=== Exercise ===
Leave out the pictures, then output the lines of the records below from the first through the one containing "The Midnight Man".
Segment Open
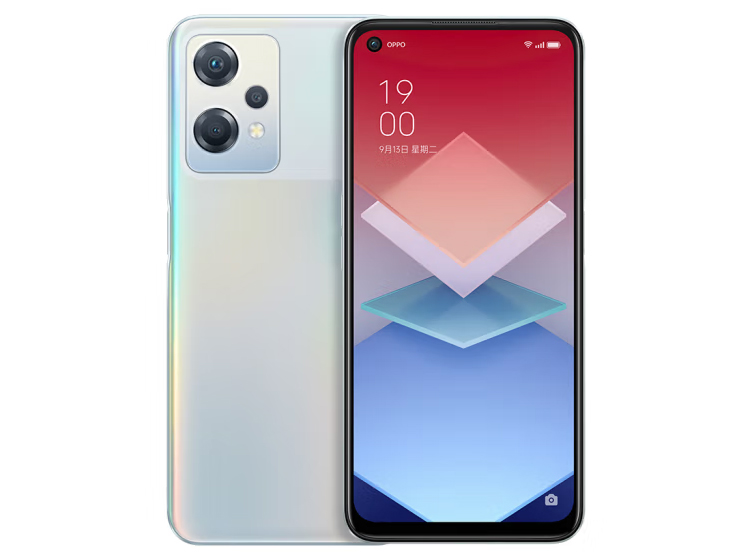 OPPO K10x 67W闪充 5000mAh长续航 120Hz 骁龙695 极光 12GB+256GB 拍照防水 游戏电竞手机 5G学生手机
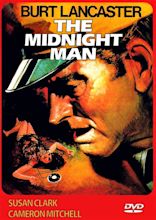 The Midnight Man 1974 DVD Burt Lancaster Susan Clark Cameron Mitchell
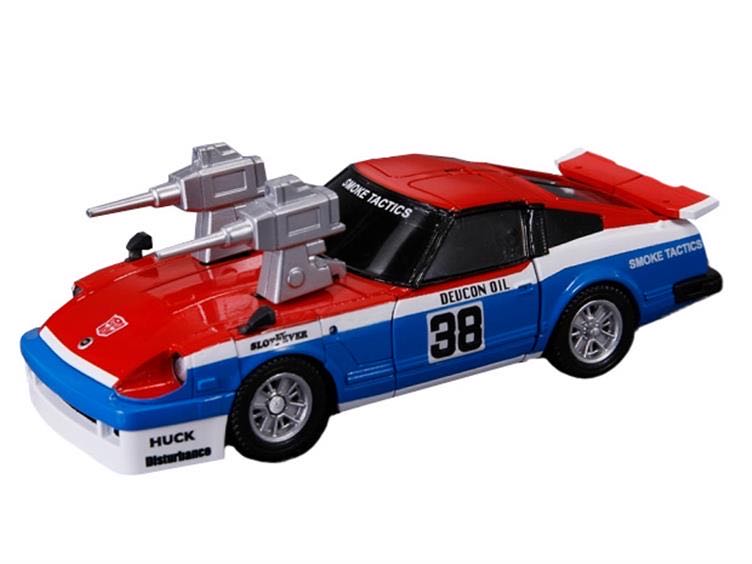 Smokescreen - Takara Tomy (The Transformers) action figure collectible [Barcode 4904810470328] - Main Image 4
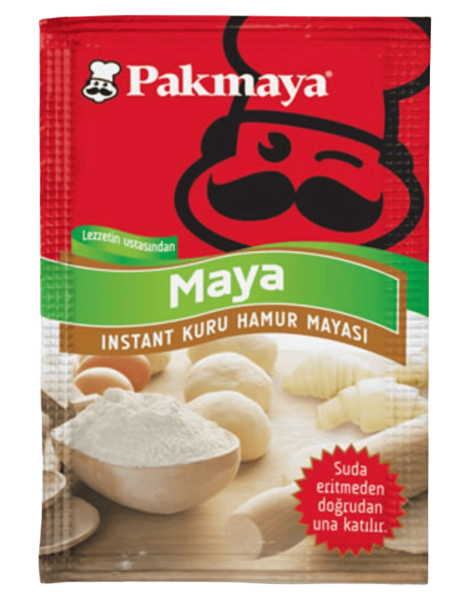 Pakmaya İnstat Kuru Hamur Maya 3x10 Gr - 1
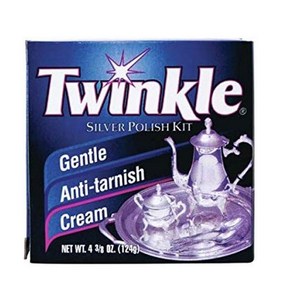 트윈클 실버 폴리쉬 키트 124g 2팩 / Twinkle Silver Polish Kit 124g 2Pack, 2개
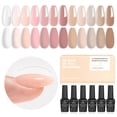 thumbnail image 1 of Gel constructor para uñas Beetles 7 en 1 Pink Rose Nude, 12 unidades, 1 of 8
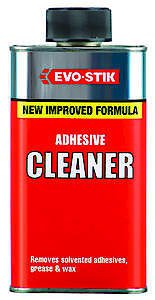 EVO-STIK Adhesive Cleaner Fast and Effective Removes Solvent 250ml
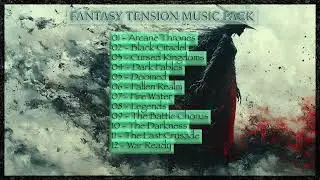 Fantasy Tension Music Pack 1 - Preview | for Games and Media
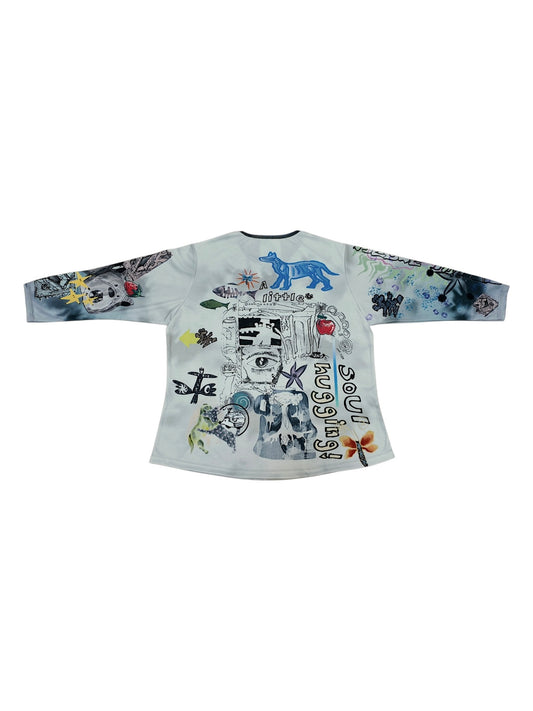WHISPER BARK unisex long sleeves tee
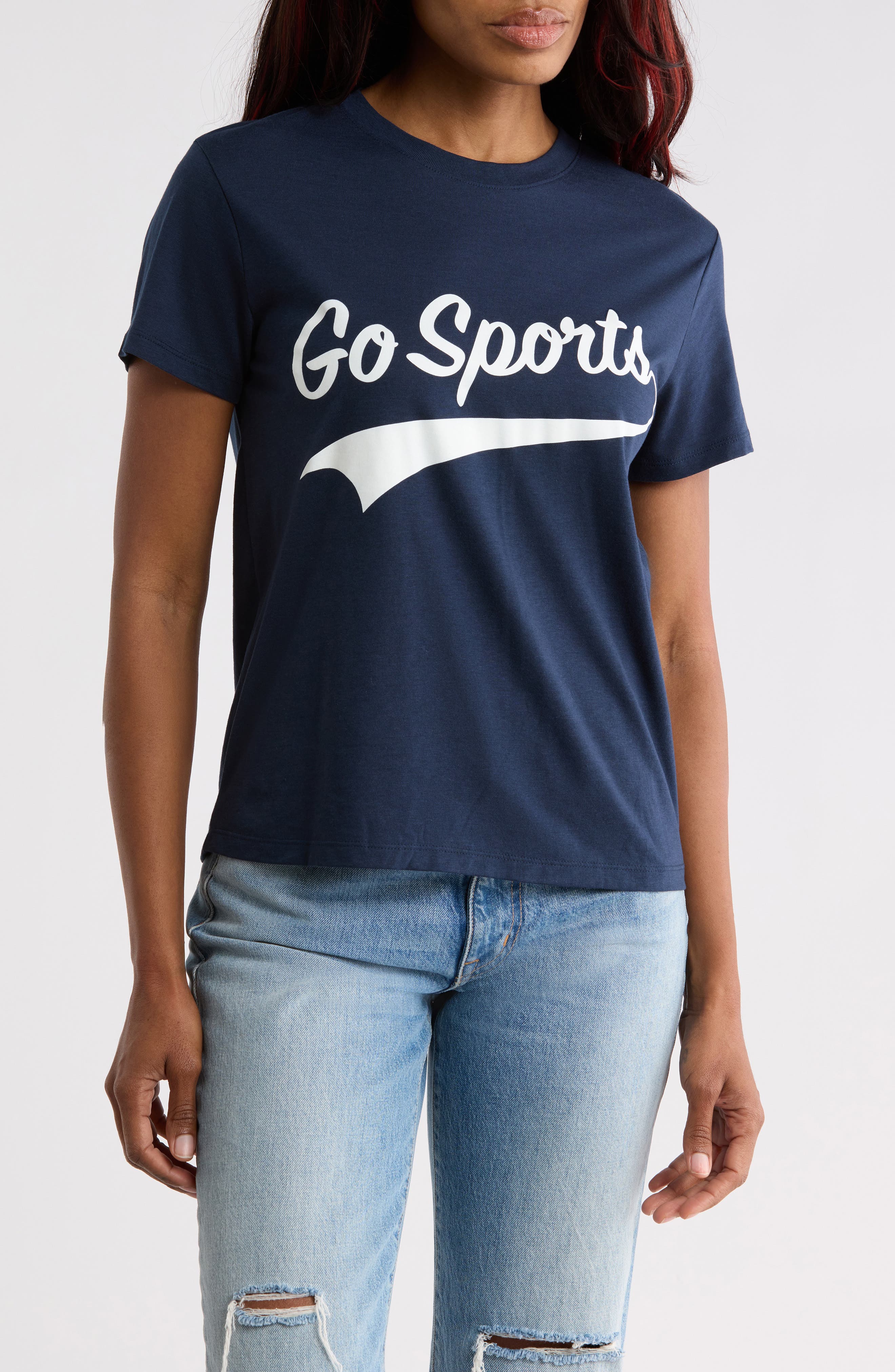 Go Sports Graphic Tee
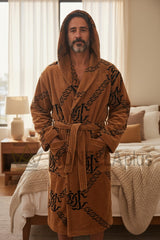 Hooded Bathrobe SPIDER Roberto Cavalli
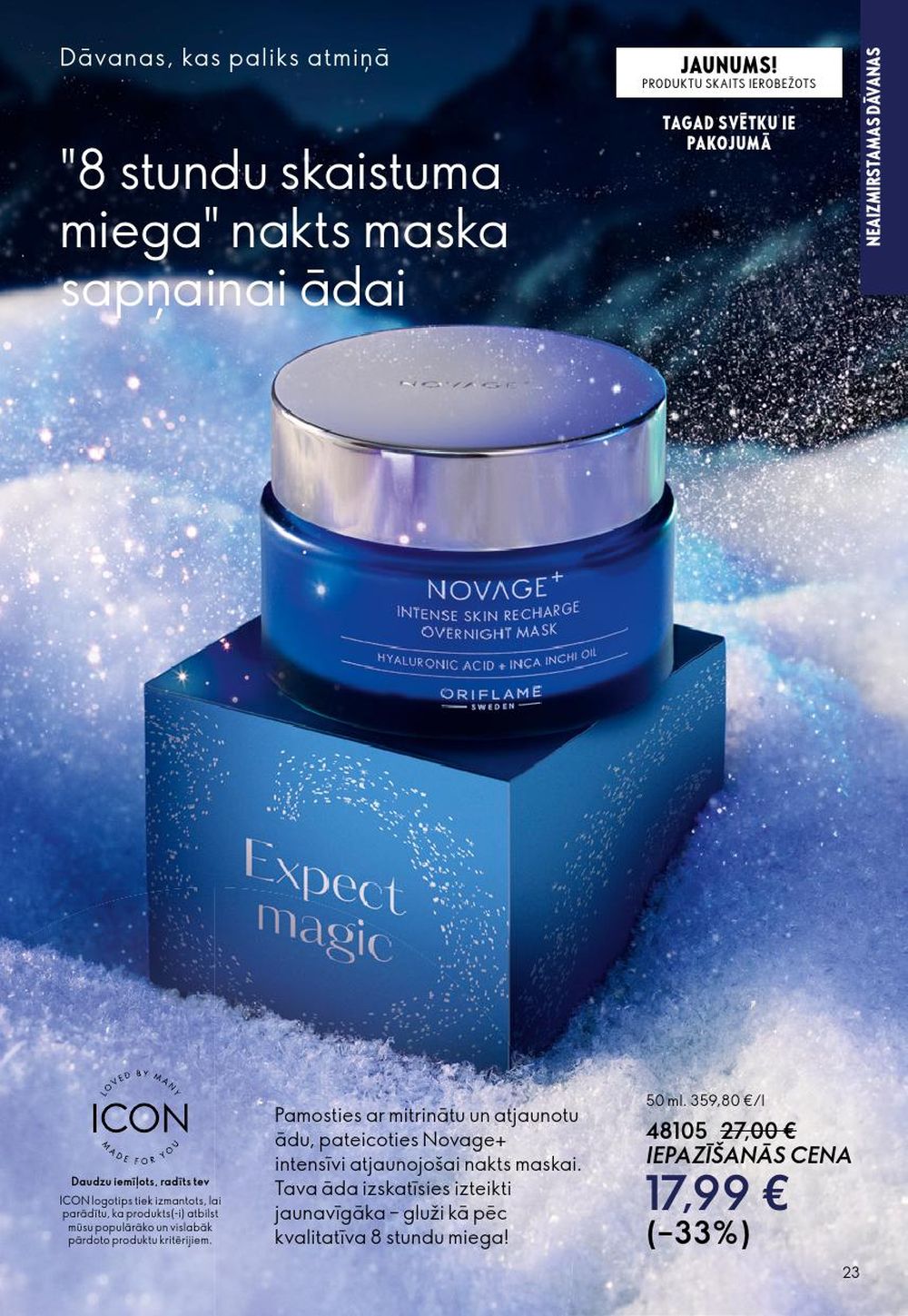 oriflame - ORIFLAME - Katalogs 17 (10.12.2025 - 30.12.2025) - page: 23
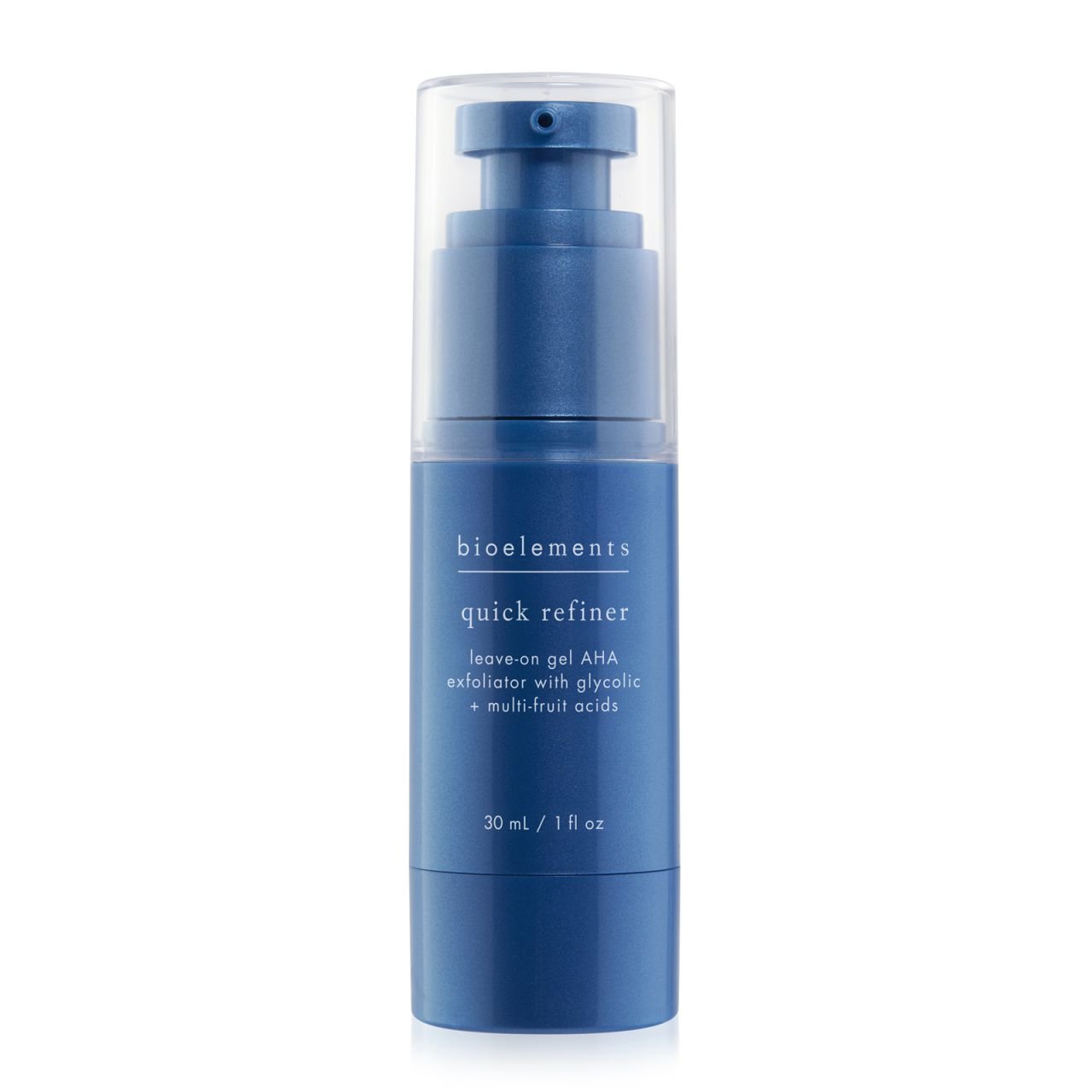 Bioelements Quick Refiner Відлущуючий гель для обличчя з кислотами AHA, 30 мл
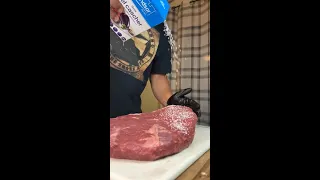 Trimming a Brisket before the cook! #shorts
Segment Closed
=== Response to the task ===
 OPPO K10x 67W闪充 5000mAh长续航 120Hz 骁龙695 极光 12GB+256GB 拍照防水 游戏电竞手机 5G学生手机
 The Midnight Man 1974 DVD Burt Lancaster Susan Clark Cameron Mitchell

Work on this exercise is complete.